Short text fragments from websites
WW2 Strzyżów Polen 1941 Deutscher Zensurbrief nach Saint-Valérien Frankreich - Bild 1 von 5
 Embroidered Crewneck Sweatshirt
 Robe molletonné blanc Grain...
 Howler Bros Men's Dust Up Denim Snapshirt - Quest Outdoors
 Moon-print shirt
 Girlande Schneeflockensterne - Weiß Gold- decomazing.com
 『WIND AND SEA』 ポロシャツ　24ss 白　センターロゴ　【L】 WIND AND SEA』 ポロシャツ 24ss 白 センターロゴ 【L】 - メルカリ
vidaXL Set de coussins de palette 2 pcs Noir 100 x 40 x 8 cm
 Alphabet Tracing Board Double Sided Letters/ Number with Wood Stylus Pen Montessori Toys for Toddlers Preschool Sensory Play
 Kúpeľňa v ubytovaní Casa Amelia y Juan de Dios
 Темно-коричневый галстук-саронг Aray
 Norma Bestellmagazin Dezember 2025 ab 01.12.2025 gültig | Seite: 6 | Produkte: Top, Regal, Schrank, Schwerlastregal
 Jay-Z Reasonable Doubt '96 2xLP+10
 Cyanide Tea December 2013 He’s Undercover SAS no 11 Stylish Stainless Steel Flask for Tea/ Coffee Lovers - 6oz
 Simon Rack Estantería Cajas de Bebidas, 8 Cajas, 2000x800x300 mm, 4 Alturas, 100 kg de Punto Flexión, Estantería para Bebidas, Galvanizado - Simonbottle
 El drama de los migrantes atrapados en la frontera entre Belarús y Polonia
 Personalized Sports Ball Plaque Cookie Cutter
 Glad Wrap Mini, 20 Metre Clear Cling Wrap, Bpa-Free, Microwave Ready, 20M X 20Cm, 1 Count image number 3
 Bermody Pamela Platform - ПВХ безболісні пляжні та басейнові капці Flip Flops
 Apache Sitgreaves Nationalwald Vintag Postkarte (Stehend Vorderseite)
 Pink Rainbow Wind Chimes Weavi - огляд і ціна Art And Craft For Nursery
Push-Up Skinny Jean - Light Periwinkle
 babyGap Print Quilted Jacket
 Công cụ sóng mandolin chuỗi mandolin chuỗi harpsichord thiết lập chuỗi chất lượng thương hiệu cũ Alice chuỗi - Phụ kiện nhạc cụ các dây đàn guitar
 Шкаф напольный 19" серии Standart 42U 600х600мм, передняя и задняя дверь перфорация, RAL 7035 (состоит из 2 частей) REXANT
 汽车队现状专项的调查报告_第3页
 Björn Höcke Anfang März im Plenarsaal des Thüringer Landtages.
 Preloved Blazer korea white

▶ Exercise objective: Please reproduce, exactly as they appear above, the lines from the line containing "Embroidered Crewneck Sweatshirt" up to and including the line containing "Personalized Sports Ball".

▶ Task output:
 Embroidered Crewneck Sweatshirt
 Robe molletonné blanc Grain...
 Howler Bros Men's Dust Up Denim Snapshirt - Quest Outdoors
 Moon-print shirt
 Girlande Schneeflockensterne - Weiß Gold- decomazing.com
 『WIND AND SEA』 ポロシャツ　24ss 白　センターロゴ　【L】 WIND AND SEA』 ポロシャツ 24ss 白 センターロゴ 【L】 - メルカリ
vidaXL Set de coussins de palette 2 pcs Noir 100 x 40 x 8 cm
 Alphabet Tracing Board Double Sided Letters/ Number with Wood Stylus Pen Montessori Toys for Toddlers Preschool Sensory Play
 Kúpeľňa v ubytovaní Casa Amelia y Juan de Dios
 Темно-коричневый галстук-саронг Aray
 Norma Bestellmagazin Dezember 2025 ab 01.12.2025 gültig | Seite: 6 | Produkte: Top, Regal, Schrank, Schwerlastregal
 Jay-Z Reasonable Doubt '96 2xLP+10
 Cyanide Tea December 2013 He’s Undercover SAS no 11 Stylish Stainless Steel Flask for Tea/ Coffee Lovers - 6oz
 Simon Rack Estantería Cajas de Bebidas, 8 Cajas, 2000x800x300 mm, 4 Alturas, 100 kg de Punto Flexión, Estantería para Bebidas, Galvanizado - Simonbottle
 El drama de los migrantes atrapados en la frontera entre Belarús y Polonia
 Personalized Sports Ball Plaque Cookie Cutter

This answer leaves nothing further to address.